“Daddy, my friend Akosua’s mum told us that before I was born, you were a very big man. So does it mean your stomach was big like this?”, and my son proceeded to circumscribe a wide circle with his little seven-year-old hands. I smiled because I understood his question. But the torrents of memories that came with the answer to the question were the demons of my life, red gnarling demons that I had spent the better part of the past seven years exorcising.
As far back as my primary school days, politics was in my blood. I was school prefect in basic school, middle school, secondary school and even managed to clinch the SRC President position in the university.
It was, therefore, no surprise when the political parties of the day, having heard of my exploits, tried to woo me to join their camp. Initially, I was sceptical. My political life was a very honest one, and anyone who schooled with me would attest to that. And that was also why I did not want to engage in politics after school. That game was too bloody and nasty for my liking, achieving nothing but the enrichment of the few at the top and impoverishing the masses. At the same time, I tried to convince myself that it could be my chance to change the system. The mental conflict was serious.
To cut a long story short, I joined one of the minority parties at the time. I did not do so because the bigger parties were beyond my reach or because of any personal inadequacies. I joined them because I felt I could exert more influence there than in the other parties, where egos were big and friction was hot.
With time, I got closer to my constituents, showing them love, care and compassion at the least opportunity. They loved me, I loved them. They voted me their Member of Parliament. Then everything changed. Only power can reveal a man’s true character.
I started enjoying the perks of the position: free accommodation, free fuel, and free healthcare, at least a 500% increase in my monthly salary, various funny allowances and a lot of other things I have even forgotten. I began regarding myself as being better than the people I was serving.

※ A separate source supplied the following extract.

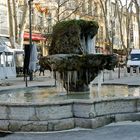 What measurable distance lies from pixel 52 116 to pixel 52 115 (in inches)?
0.8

As the days went by, I started to develop a cancerous sense of entitlement. I did not see why I should share the money allocated to the constituency equally to all the districts when the poor lazy illiterates were not even ready to work for themselves. So I started to divert funds.
My wife advised me severally about the sudden worsening of my human attitudes. At the time, I did not pay attention to her. She was a ceremonial wife; who the hell did she think she was to show me how to live my life?
The road that connected my district capital to the regional capital was so bad that it took three hours to complete a journey that would have taken forty-five minutes if the road were a bit better. I promised the people that I would improve the road if they gave me the mandate. When the money for the road finally came, I put half in my personal account and gave the other half as loans to my party faithful. The recipients hailed me and promised me that I would be the MP for as long as I wanted. I was happy that at least, there were people who still loved me.
Two years into my assumption of office, my wife got pregnant. Around her estimated time of delivery, I was out of town with some of my cronies and some bad university girls who we shared and passed around like PK Chewing Gum. I got a call one cold night.
“Hello. Is this Honourable Kofi Titi?”
“Yes, it is. How may I help you?” I barked into the phone. Whoever it was had to talk fast; I had to go handle some ‘hot businesses’ on my king-size bed.
“Sorry, Sir, but please come to the Marcus Boye Regional Hospital now.” The line went dead. All the blood in my groin rushed back to my head. I rushed to the hospital.
The news? My wife had developed complications and had been rushed to the regional hospital from the district hospital. The doctors said if she had come an hour after the complications started, she would be alive; three hours was too much, she had lost too much blood. But they managed to save the baby.
To say I was devastated is an understatement. The poor innocent woman had paid for my sins. Then it dawned on me that my actions might have killed even more people. I could not forgive myself.
The very next day, I returned all the money I had stolen. I resigned and said goodbye to politics.
Now, as my son stares into my face, I remember his mother – that beautiful innocent angel I killed.
I do not know whether to tell him the truth now or later when he can appreciate it better but I know one thing: it was Ghana’s Independence Day and people like me are the reason why after 59 years of so-called independence, we are more dependent on foreign aid now than ever before.
If Ghana will work again (has it ever worked?), it will depend on every single one of us but will depend most on our leadership.